Copy That (8 page)

Read Copy That Online

Authors: Helenkay Dimon

Tags: #Suspense

“I’m wondering why you’re whispering?”

“Just in case.”

When she tried to look up, he gave her a small squeeze she assumed meant not to move. “That seems to be your justification for a lot of things.”

He pointed at the chained door. “The rust is fake and the fence could stop a truck. There are motion sensors and all the images go to monitors at Garrett’s office and directly to our phones.”

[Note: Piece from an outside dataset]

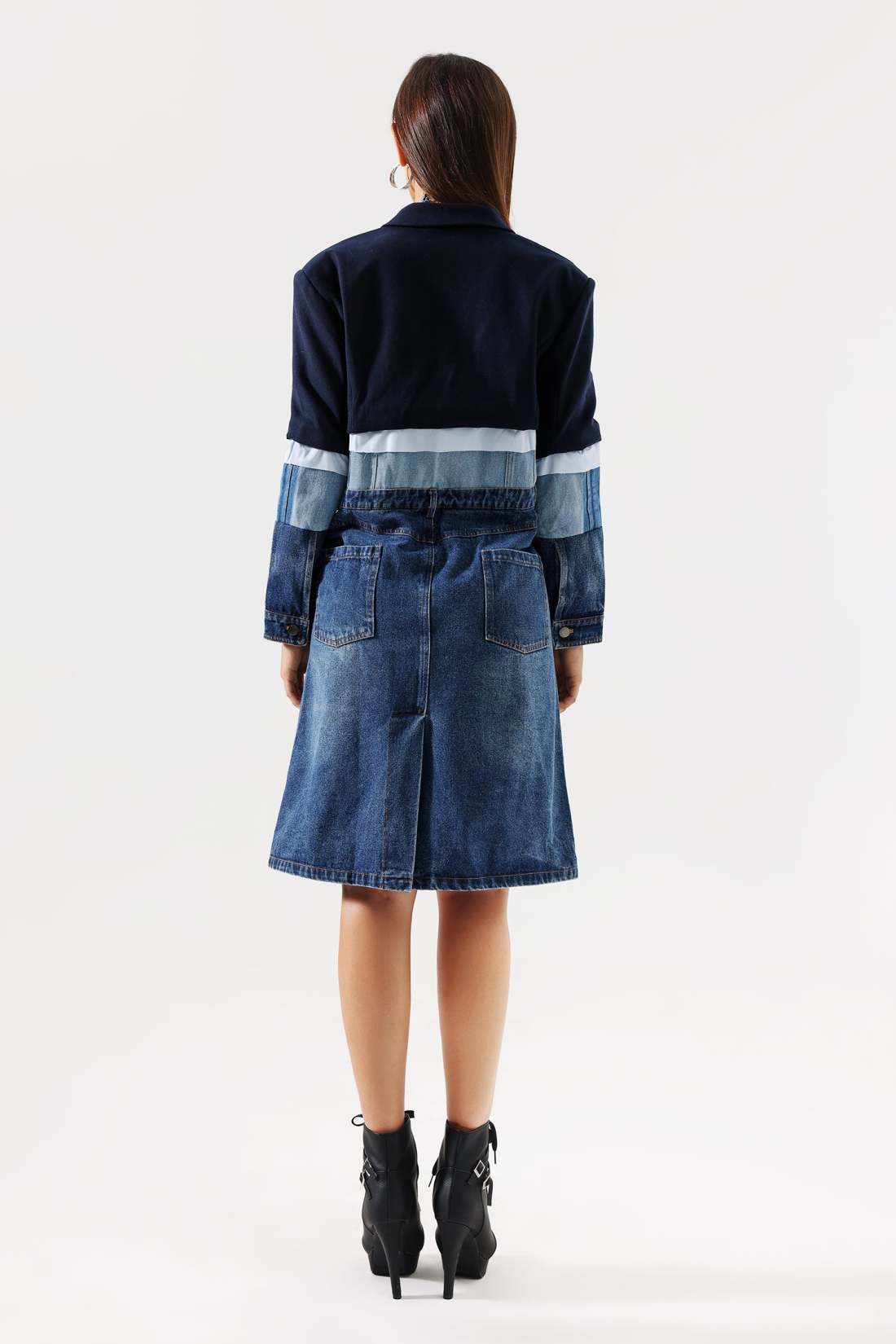 Jeanie Jean Denim Coat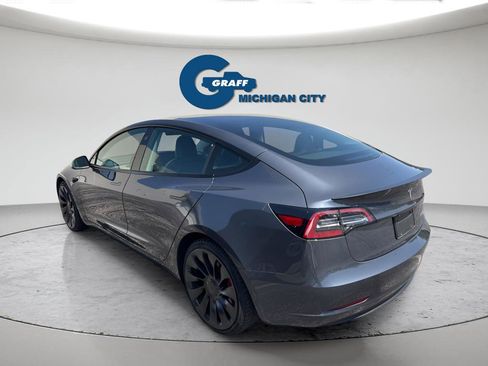 Used 2023 Tesla Model 3 Performance AWD/4WD image 2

“Very stealthy.” And a bit scary.

The over-the-top security both stopped the nerves jumping around in her throat and set her back teeth chattering. Being here went against every minute of training she’d invested in. She never left public places when meeting with a man she didn’t know. For Jeremy, she made an exception. The question was, why? And she really couldn’t come up with a reasonable answer.

Even injured, with a slight limp from protecting his wounded side, he struck her as being twice as tough as any guy she’d ever met, including Garrett. The dark scowl gave him a sexy in-control look, but his smile... Oh, yeah. The way the corner of his mouth kicked up lit up his whole face, even as it sucked the air right out of her lungs.

Over the past few hours she’d glanced over only to find him staring back at her. He didn’t turn away or pretend he hadn’t seen her gaze. He met her eyes with a heated look of his own.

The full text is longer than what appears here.